Except yesterday, when I dropped them off, it wasn’t really the end. As I cautiously pulled around to the side of the building and unloaded the haul with a volunteer from the center (who knowingly reminded me to lock my car doors), he asked if I would please come in and speak with Sister Johnice, “because she’ll want to thank you in person.”
I can’t explain it, but I felt myself getting choked up and at first I said no.
“No, that’s okay. I’ll just drop these off and be on my way.”
But he insisted she would want to thank whoever had brought the diapers.
And the whole thing was starting to give me big feelings.

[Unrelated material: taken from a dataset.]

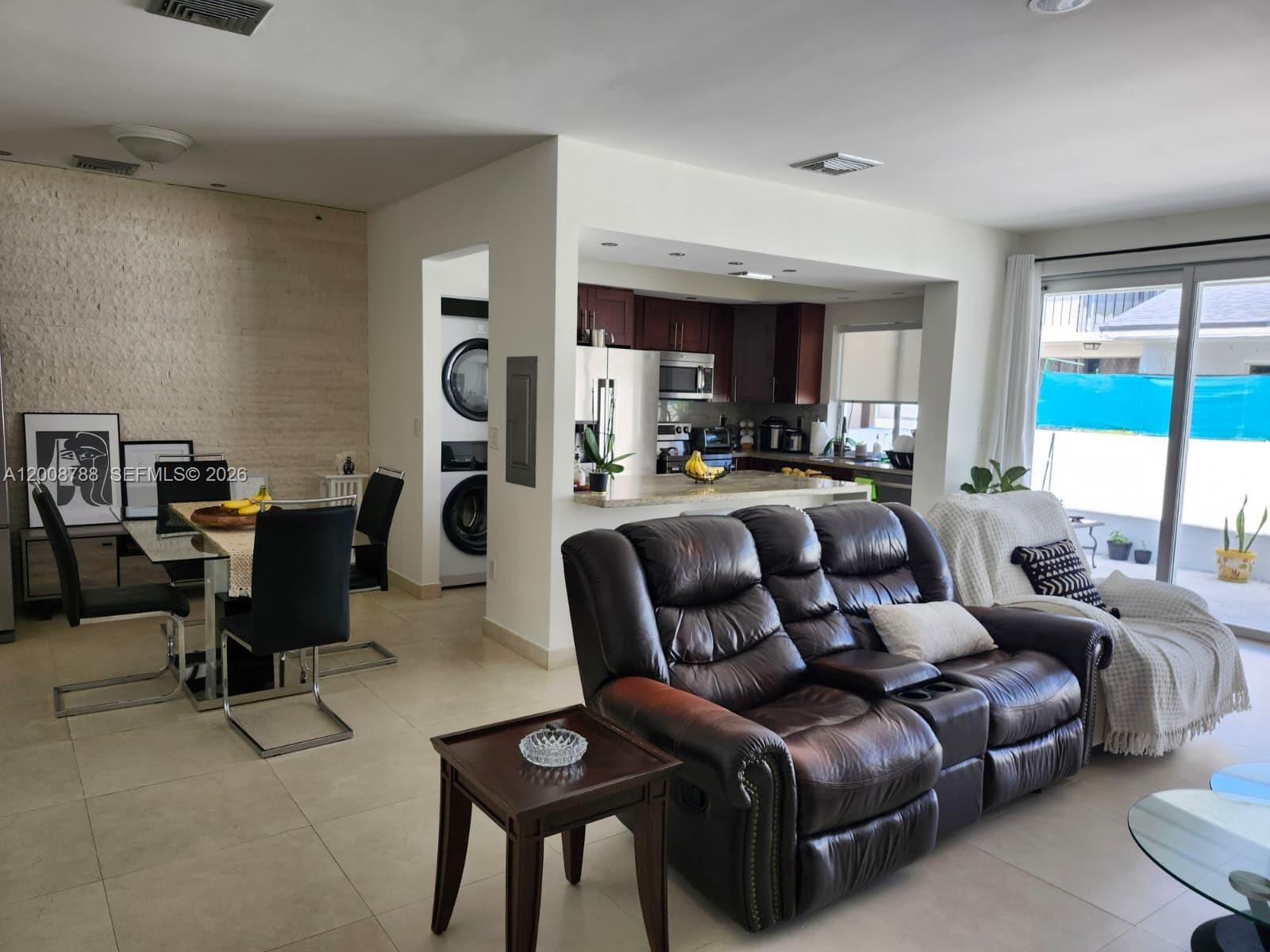 9195 Fontainebleau Boulevard 6, Miami, FL 33172 photo 9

For a few years now I have felt an unrelenting pull on my heart to be more involved in some sort of social justice or humanitarian work; To be involved in something bigger than myself, outside my usual comfortable little circle.
You can’t keep reading books and journaling and crying in your bed over the needs and brokenness of humanity but never actually get out of your bed and do anything about it. You just can’t.
I mean, you can. But it doesn’t make sense. And I think sometimes we just get so paralyzed by our fears or inadequacies or by not knowing quite WHAT to do or how to do it.
And then we do nothing.
But a diaper drive? A diaper drive seemed like such a simple place to start. Babies in my city need diapers. I can buy diapers and I can ask my friends if they want to buy diapers. And then I can bring them to the Response to Love Center.
I sat in Sister Johnice’s office with a life-size cardboard cut out of Pope Francis behind her, fighting back tears as she started to share with me detailed ways the center helps struggling families.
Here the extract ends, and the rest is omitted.